MORGAN, MINN. – The only place that drew more ire than Washington, D.C,. on Tuesday at the opening day of Farmfest in southwestern Minnesota was California, but it was close.
During a debate Tuesday morning, congressional candidates in a broad swath of southern Minnesota railed against regulations — whether in far-away liberal states or the nation’s capital — impacting the profitability of family farms.
“California should not be saying anything about what our Midwest farmers can and can’t do,” said Joe Tierab, a GOP candidate in the swing Second District, discussing controversial California regulations that went into effect earlier this year mandating how hogs must be grown to be sold as pork in the Golden State.

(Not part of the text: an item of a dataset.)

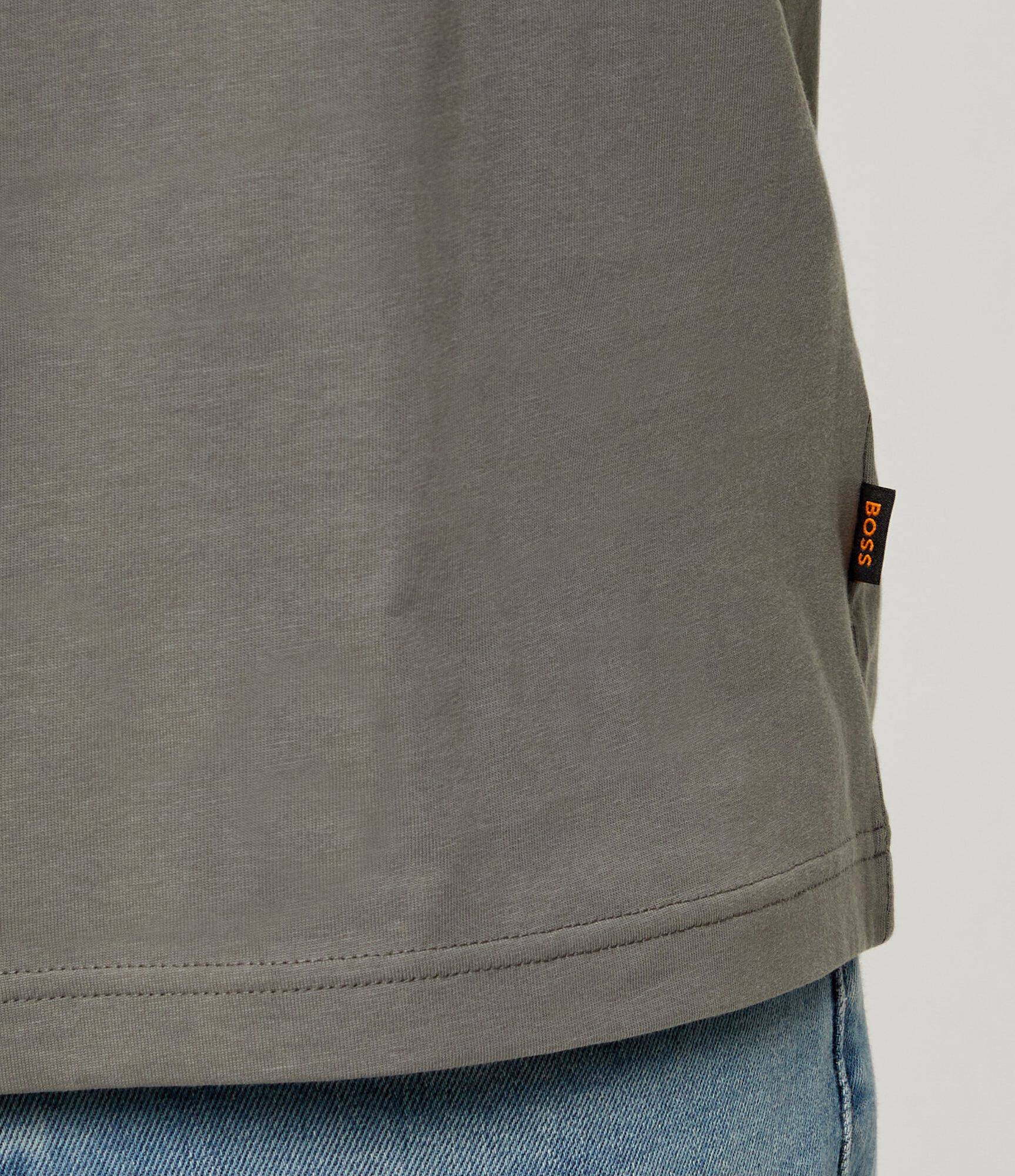 BOSS Orange Tricou Te_Imprint | regular fit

During a discussion about water pollution rules blocked by the U.S. Supreme Court, Rep. Brad Finstad, a second-term Republican representing the southern First District, said, “It’s written by Washington bureaucrats who think they know how we farm.”
But it wasn’t just bureaucrats, but Congress, who drew blame on Tuesday, with the farm bill still stalled on the Hill.

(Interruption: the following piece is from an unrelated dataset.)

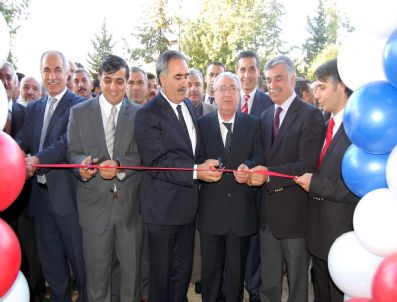 MAHMUT GÖKSU - Adıyamanlılar Vakfı’nın Adıyaman Şubesi Dualarla Açıldı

While Finstad touted a version of the $1.5 trillion bill, undergirding programs for food stamps to crop insurance, passed earlier this year by the House agriculture committee, Rep. Angie Craig, a three-term Democrat representing southern suburbs through southeastern farm country, criticized the bill for cutting the nutrition title and adding to the national debt, saying it was unrealistic for the bill, as it’s currently written, to pass the full House, let alone the Democratic-controlled Senate.
“We’ve passed 25 post office names since the farm bill passed out of Ag [Committee],” Craig said. “If we had the votes on the House floor, they’d have it there.”

Tuesday’s first debate offered an inaugural opportunity for incumbents and challengers — including Rachel Bohman, a Rochester attorney running as a Democrat, and Teirab, a former assistant U.S. attorney — to be on the same stage.